語源は「語の始まり」であるから、見方によっては「語史の一部」と考えられるが、語の意味、発音、表記は時と共にしばしば変わるため、語源がいつも明らかとは限らない[3]。また、言語の起源を考えることにも繋がるため、すべての語源を明らかにすることは難しいが、例えば英語やドイツ語、フランス語などの近代語には、ラテン語、ギリシア語など古典言語に由来する専門用語が多く、語源を知るとその語の意味がよく分かることがある。とはいえ、比較言語学の知識が無い場合、語源の説明にはしばしば強引なこじつけがされる。特に日本語や朝鮮語のように同系統の言語が未だに確認されていない言語では、この傾向が著しい。言語学的な根拠の無い「民間語源」も同様の現象である。
なお、語源の一種、あるいは語源と似たものとして、音象徴や音義説がある。とりわけ音義説は「国語に霊力が宿っている」という信念が国学者の間で高まるに連れて盛んになっていった[4]。
『古事記』『日本書紀』『風土記』には、神名や地名などの由来を説明する記述が散見される。
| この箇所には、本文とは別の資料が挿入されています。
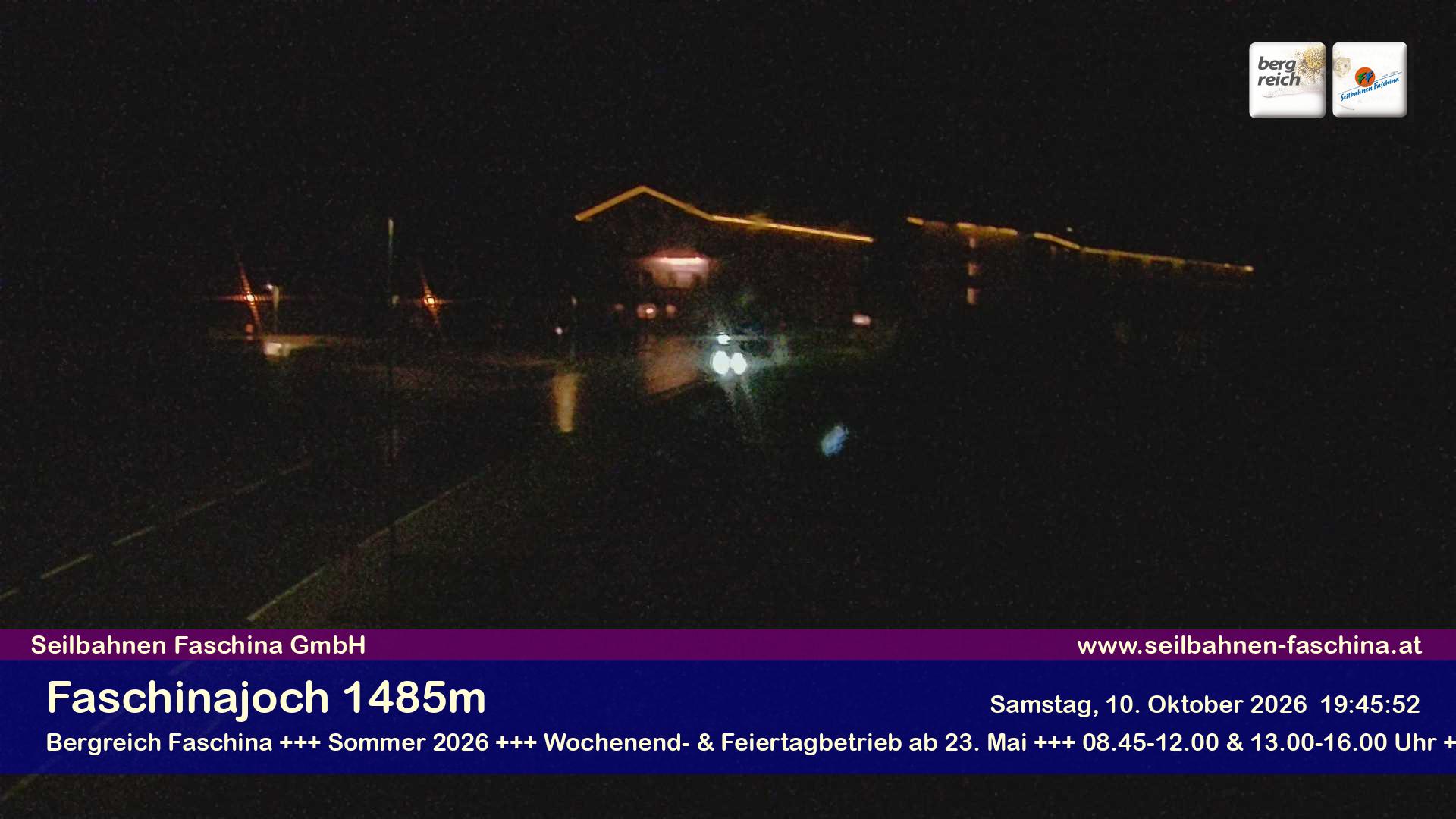 Faschina - Faschinajoch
例えば『日本書紀』には、彦波瀲武鸕鶿草葺不合尊の神話や松浦の地名伝承などが見られる[5]。また、『古語拾遺』の説話にも語源にまつわるものがある[6]。
学問的な立場から語源を考える姿勢は、主として注釈書に見られる。例えば『日本紀私記』には、『日本書紀』の注釈の一環として、語源を説いている記事がある[7]。また辞書では、『和名類聚抄』などに語源の説明が少なからず見える[7]。
歌合が行われるようになると、左右の歌の判定時に歌語の用法が論ぜられた[8]。歌論の研究は歌学書として整理され、例えば藤原教長『古今集註』、顕昭『袖中抄』、藤原清輔『奥義抄』などが、古語の解釈のために語源について触れている[9]。仙覚の『萬葉集註釈』には、五十音の「同じ行で音が相通ずること」(五音相通)や「同じ段で音が相通ずること」(同韻相通)などの説明が散見されるが[10]、こうした説明は『塵袋』『壒嚢鈔』『塵添壒嚢鈔』などの辞書類にも見られる[11]。最古の語源辞典とされる『名語記』は、仮名反を多用して語源を説明している[12]。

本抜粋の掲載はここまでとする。